### YOUR GOAL
The lines to be extracted begin at the line containing "no son modernos?" and end at the last line of the data below; copy them exactly and leave out the pictures.

Short web captions:
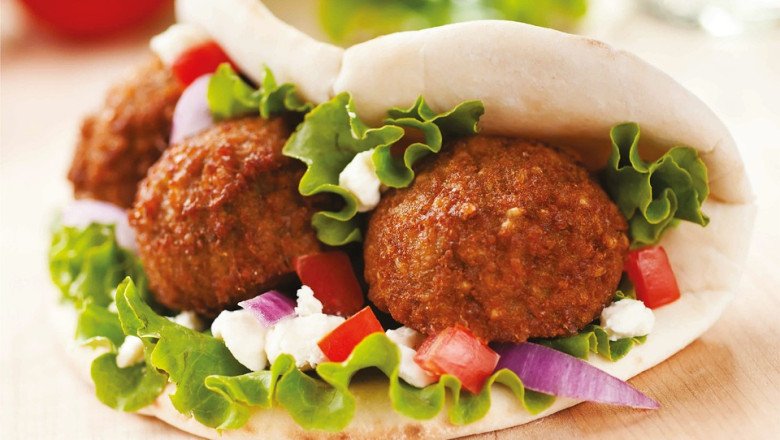 Dubai's Must-Try Local Street Foods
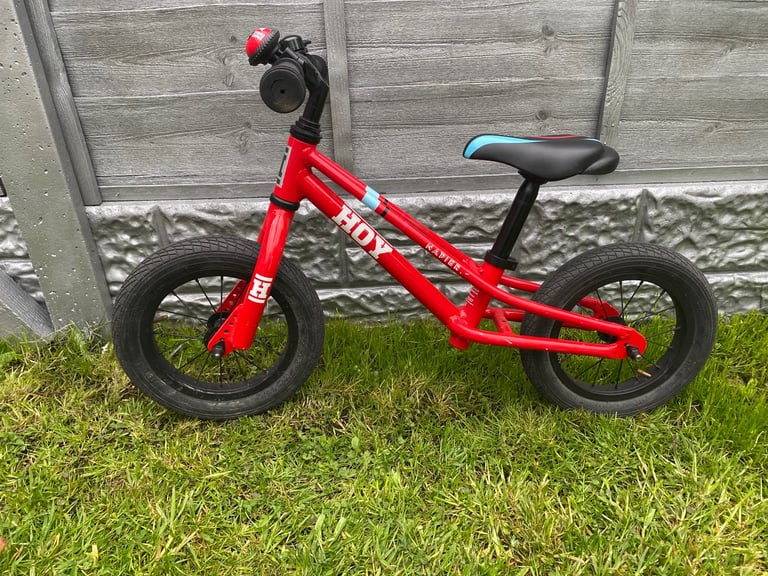 Kids/boys  balance bike/ Hoy Napier 12”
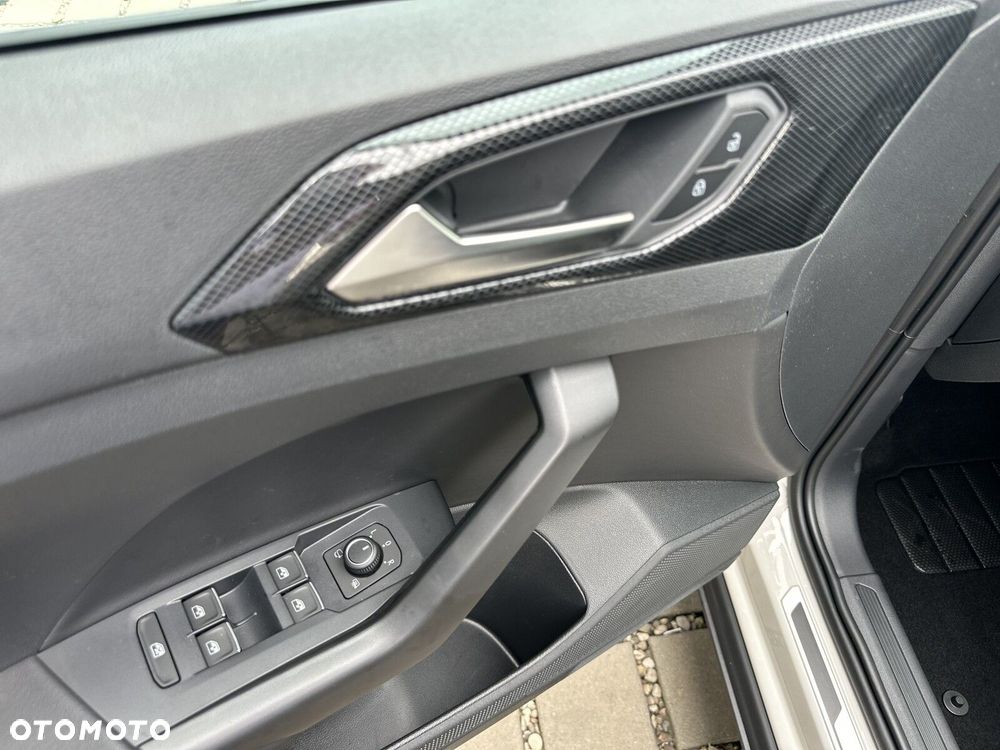 Volkswagen T-Cross - 20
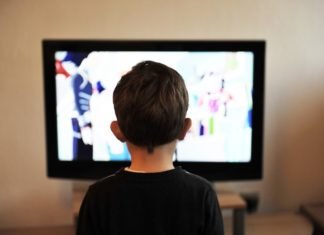 ¿Cómo instalar Netflix en televisores que no son modernos?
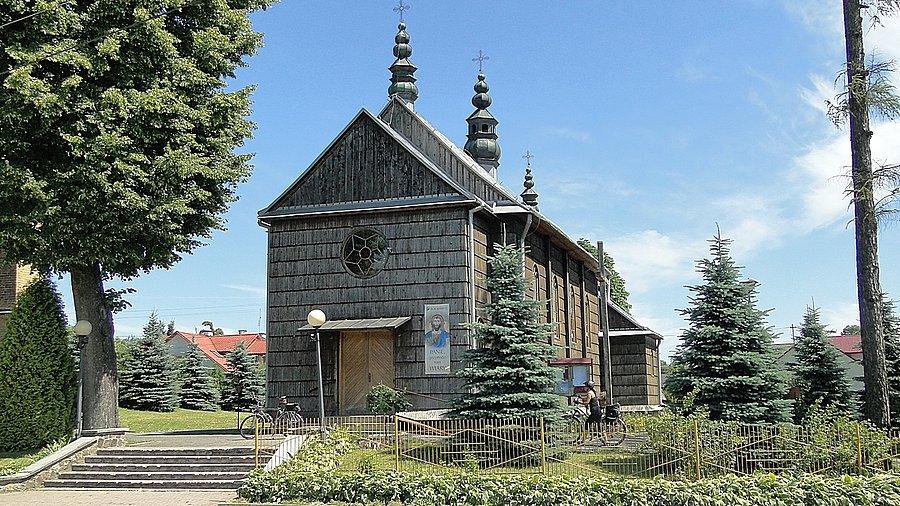 Pierwszym odwiedzonym obiektem jest kościół w Olchowicach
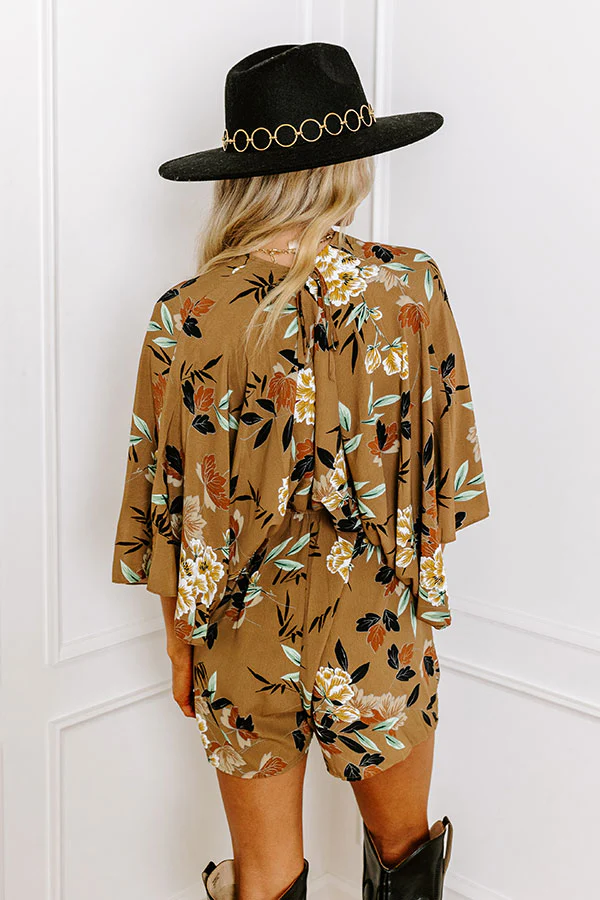 Swift And Chic Floral Romper - Image 4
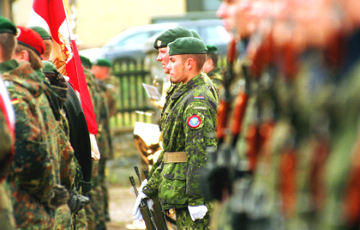 Страны Балтии и Польша просят разместить у себя контингенты войск НАТО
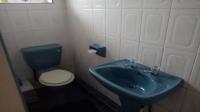 Main Bathroom - 4 square meters of property in Silverglen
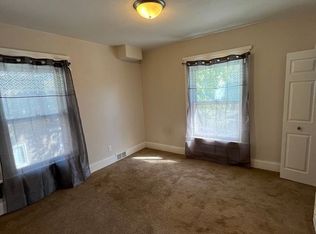 1072 27th St APT 6, Des Moines, IA 50311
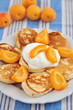 Pancakes mit Aprikosen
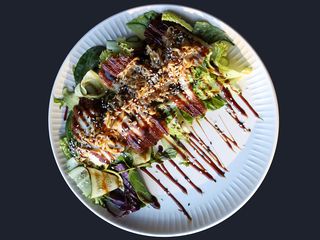 Салат з вугрем (225г)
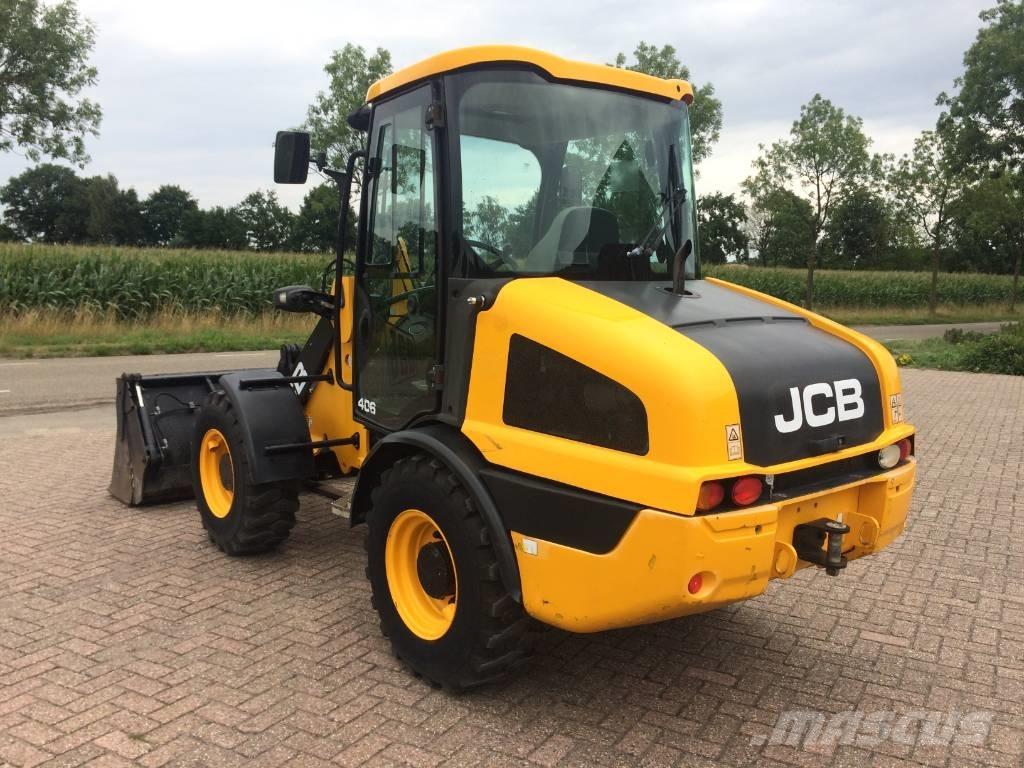 JCB 406 Gumikerekes homlokrakodók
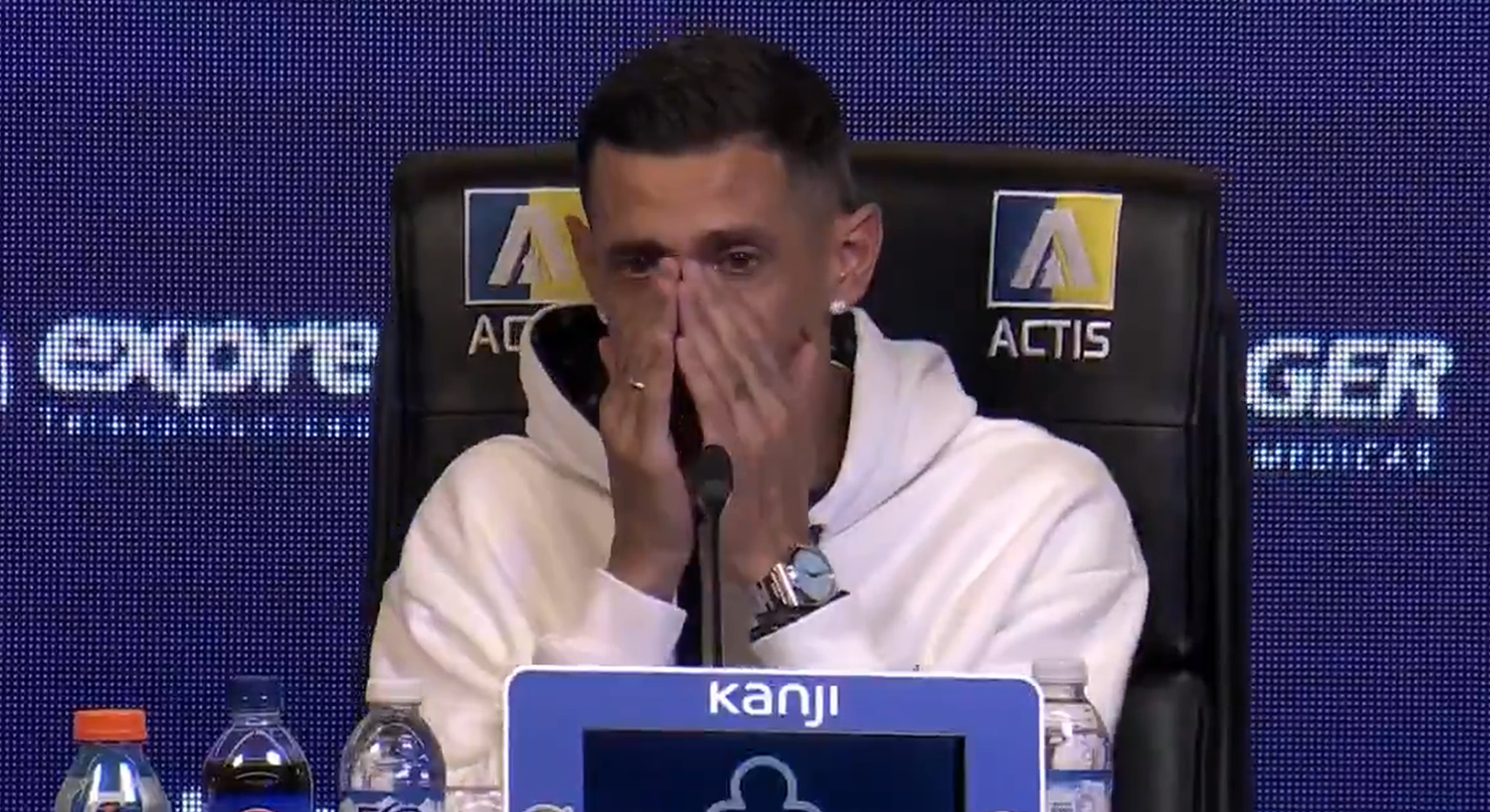 «Λύγισε» στη συνέντευξη τύπου για την επιστροφή του στη Ροζάριο Σεντράλ ο Ντι Μαρία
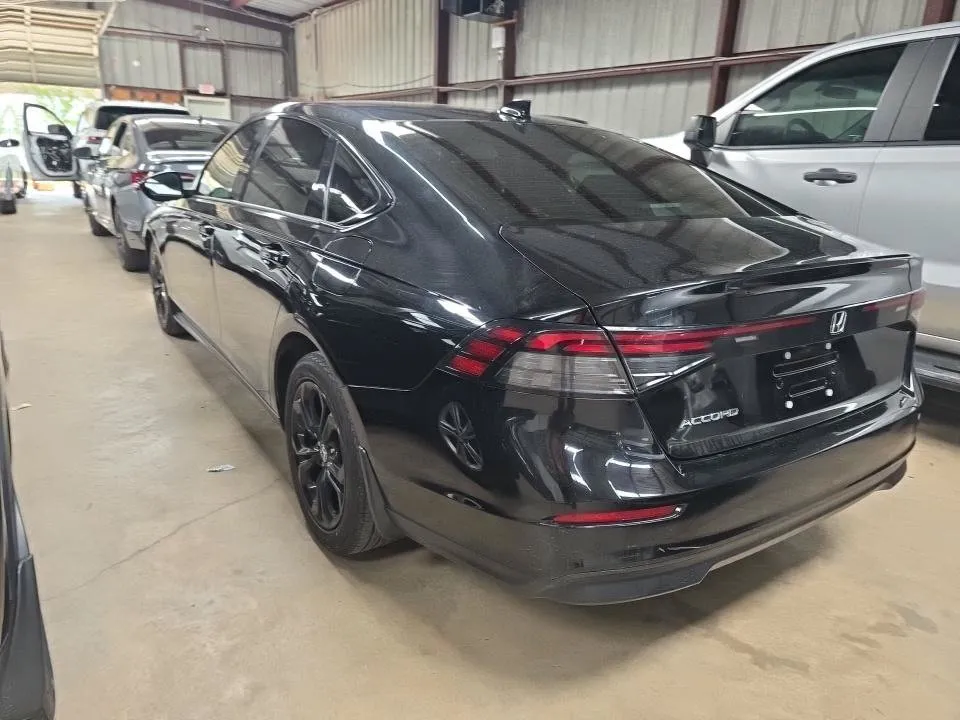 Honda Accord photo 5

### SOLUTION TO THIS PROBLEM
 ¿Cómo instalar Netflix en televisores que no son modernos?
 Pierwszym odwiedzonym obiektem jest kościół w Olchowicach
 Swift And Chic Floral Romper - Image 4
 Страны Балтии и Польша просят разместить у себя контингенты войск НАТО
 Main Bathroom - 4 square meters of property in Silverglen
 1072 27th St APT 6, Des Moines, IA 50311
 Pancakes mit Aprikosen
 Салат з вугрем (225г)
 JCB 406 Gumikerekes homlokrakodók
 «Λύγισε» στη συνέντευξη τύπου για την επιστροφή του στη Ροζάριο Σεντράλ ο Ντι Μαρία
 Honda Accord photo 5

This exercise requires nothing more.